For this example one might assume that this farmer's annual state taxes were $10,000, which gives a total tax plus insurance total cost of $36,000. If he then obtained a health plan that doubles his taxes to $20,000, Josh could label this a "Chernobyl" disaster. But the "for profit" insurance bill would disappear, for a net combined cost to the farmer of $20,000 for a net $16,000 savings. The tax numbers may be arguable, but the lower outcome is not. Representative Heintzeman does not want to display the full picture.

The comparatively large jump in premiums in the individual insurance market is due mostly to the small pool of buyers that the insurance companies limit them to. These buyers need to get into a larger pool. The best pool for the whole state would be the whole state, such as with single-payer. Medicare, the Canadian system, and most of the health care systems in the world's other 20 most developed countries are universal coverage single-payer. It is deceptively false to bad-mouth all these systems as "Chernobyl" disasters.
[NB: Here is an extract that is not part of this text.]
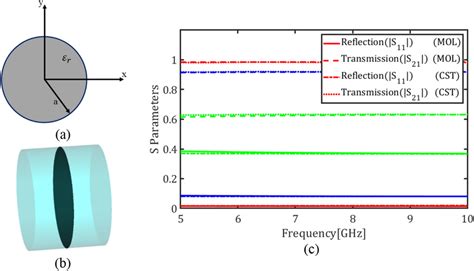 A Cross Section Of The Circular Waveguide B The Waveguide Loaded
No matter what is intended, the practical outcome of actions on health care by Representative Heintzeman and his party has been to keep "for profit" insurance companies in the market instead of working toward affordable universal coverage. These profits come at the expense of best possible care reaching all Minnesotans.

Peterson, Bloomington resident and formerly of Nisswa, is retired from internal medicine practice at Park Nicollet Clinic.